Work to complete
Every line of the listing below from the one with "Papier Peint Baroque" up to and including the one with "Tini y Rodrigo de Paul se separan" should be retyped exactly, and nothing else; pictures are not part of the copy.

Data provided
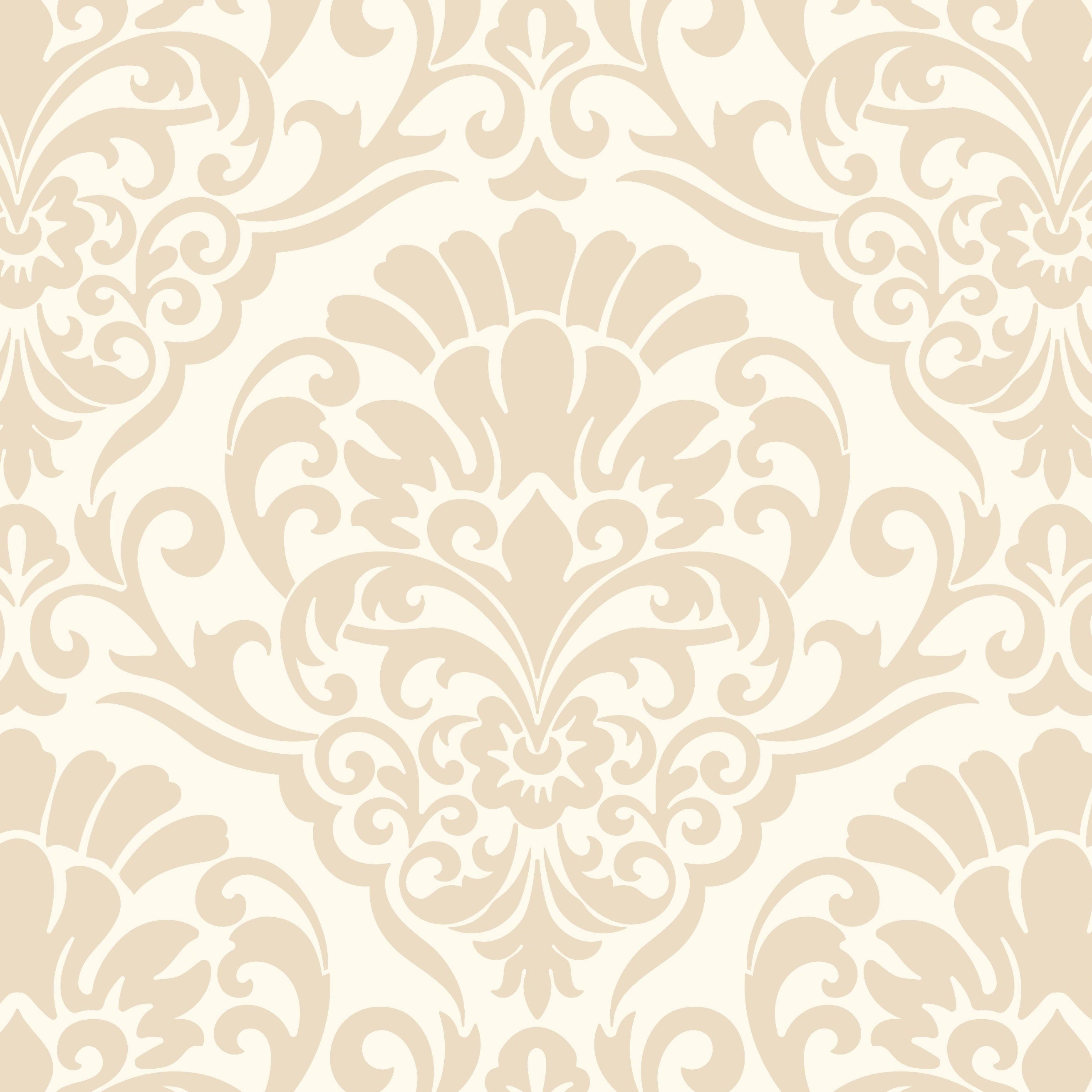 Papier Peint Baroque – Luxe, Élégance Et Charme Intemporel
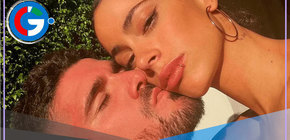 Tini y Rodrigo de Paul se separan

---

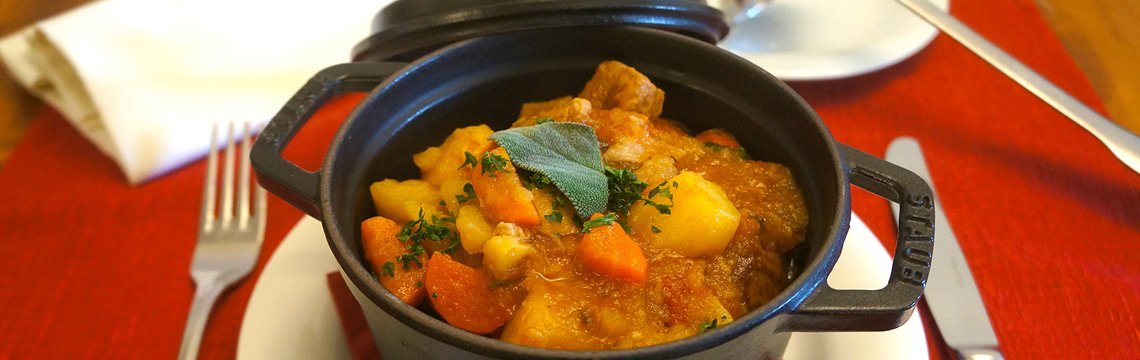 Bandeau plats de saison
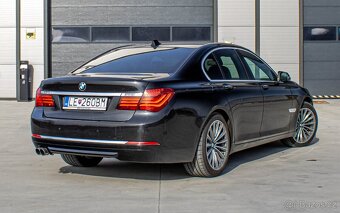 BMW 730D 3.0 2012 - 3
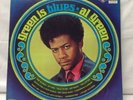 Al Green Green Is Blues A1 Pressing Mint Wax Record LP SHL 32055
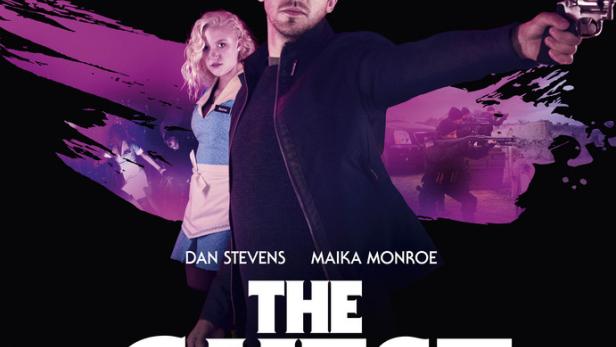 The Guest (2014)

--

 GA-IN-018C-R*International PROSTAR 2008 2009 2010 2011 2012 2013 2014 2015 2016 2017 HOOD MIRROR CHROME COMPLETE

Exercise output
 Papier Peint Baroque – Luxe, Élégance Et Charme Intemporel
 Tini y Rodrigo de Paul se separan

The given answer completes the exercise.